Ella tuvo que ir a un psicólogo para aceptarse, tú decías que no lo necesitabas, que la amabas igualmente, pero ella siempre sintió tu miedo. Aprendió a mirarse en ese espejo que cada mañana tú dejas empañado por el vaho, a convivir con el dolor físico y con las náuseas. Lo que le resultaba más difícil era convivir con ese otro dolor, el que va más allá de la carne, el pánico a morir. Porque si alguna vez hablaba de la muerte, lo hacía en abstracto, como una idea lejana. Y de repente, un día, se encontró frente a la suya propia, e imaginó cómo podría ser su manera de morir, el tiempo que le quedaba. Su vida entera se le vino de golpe, y la angustia de saber que era un reloj en el que se precipita su cuenta atrás le producía vértigo.

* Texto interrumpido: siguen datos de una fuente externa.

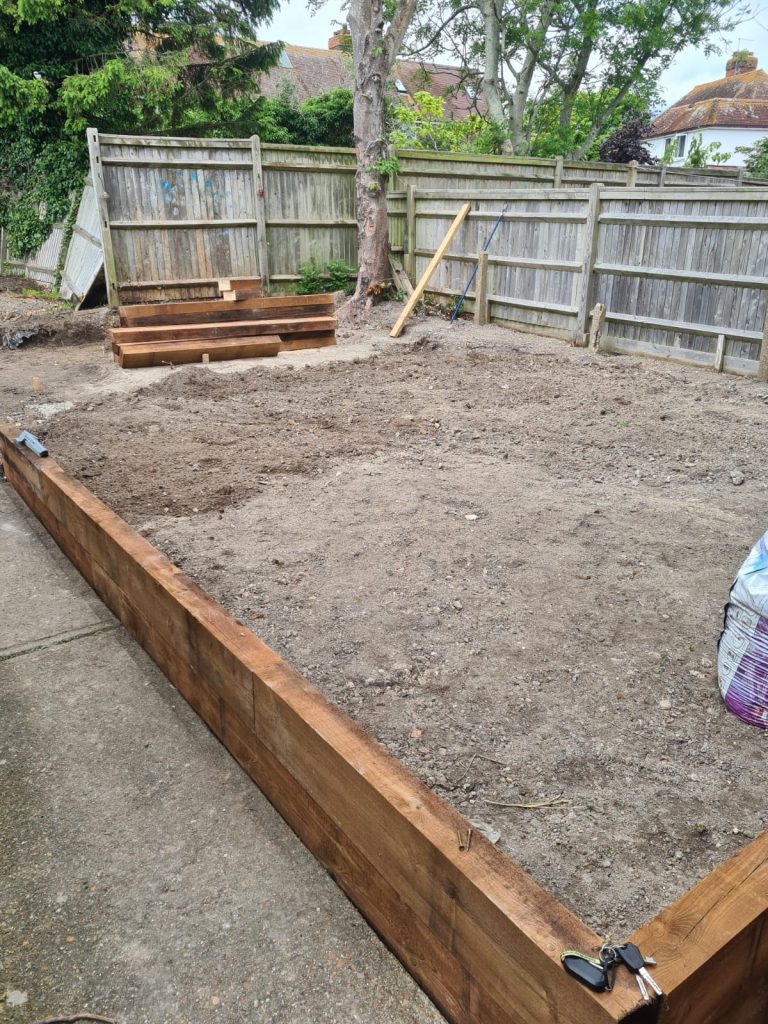 garden-renovation-progress-with-new-soil-bed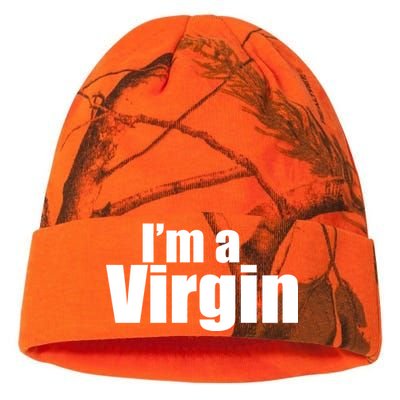 I'm A Virgin Kati Licensed 12" Camo Beanie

Ella aprendió que vivir es sólo para valientes, aunque a veces planea sobre su cabeza el fantasma de la recaída y siente que le vuelven a temblar un poco las piernas, pero enseguida aparta de un manotazo esa idea. Vencer el miedo y el dolor es saber convivir con ellos cuando estos se empeñan en permanecer. Ha vuelto a vivir, pero ya no lo hace como antes, ya no lo hace por ti, ni tan siquiera por vuestro hijo, al que mira con si fuese la última vez que vaya a verlo. Ahora vive por ella. Siente el suelo bajo sus zapatos cuando sale a la calle cada mañana, el aire perfilando y refrescando sus mejillas, el calor de unas manos cuando la rozan, la calidez de una voz que le habla, el aroma de un café, el tierno sobrecogimiento que le produce el inesperado abrazo de vuestro hijo adolescente. Ha descubierto su cuerpo renacido y el universo que emana de él, como si ya nada fuese más importante en la vida que sentirlo, hasta el más leve murmullo de la sangre bajo su piel.

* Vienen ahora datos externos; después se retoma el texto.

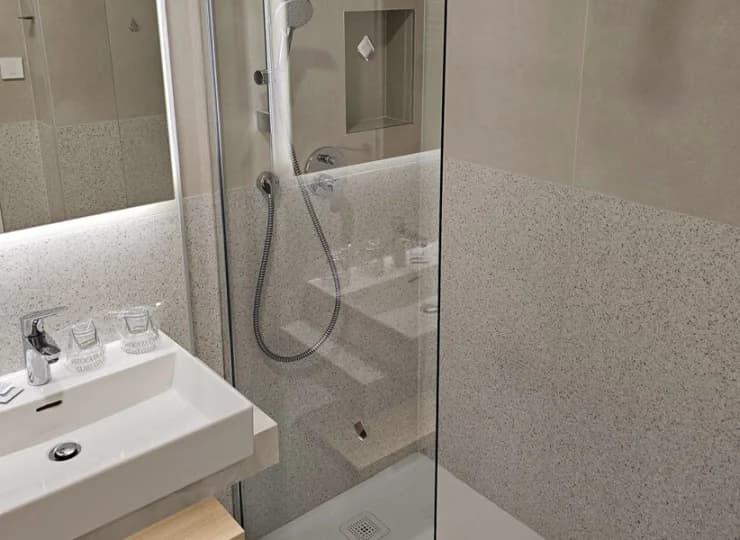 Łazienka pokoju standard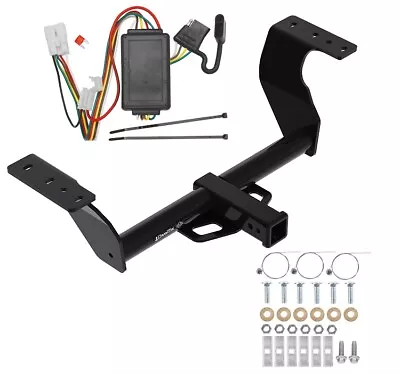 Trailer Tow Hitch For 19-24 Subaru Forester W/ Wiring Harness Kit - Plug & Play • $228.02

Pero tú todo eso lo ignoras, te frotas los ojos cuando ella te zarandea en el sofá, preguntas si ha terminado ya la película, y ella te dice que te quedaste dormido. Entonces te levantas, la rodeas con tu brazo dejando caer su peso sobre sus hombros y con un acompasado paso, os dirigís hacia el dormitorio. Ella no te abarca, es como un pegote bajo tu axila, pero creíste ser arrastrado por un tsunami cuando pensaste en la posibilidad de no tenerla más. No sabrías explicarlo, pero no le pides más a la vida. Y eso ella lo sabe.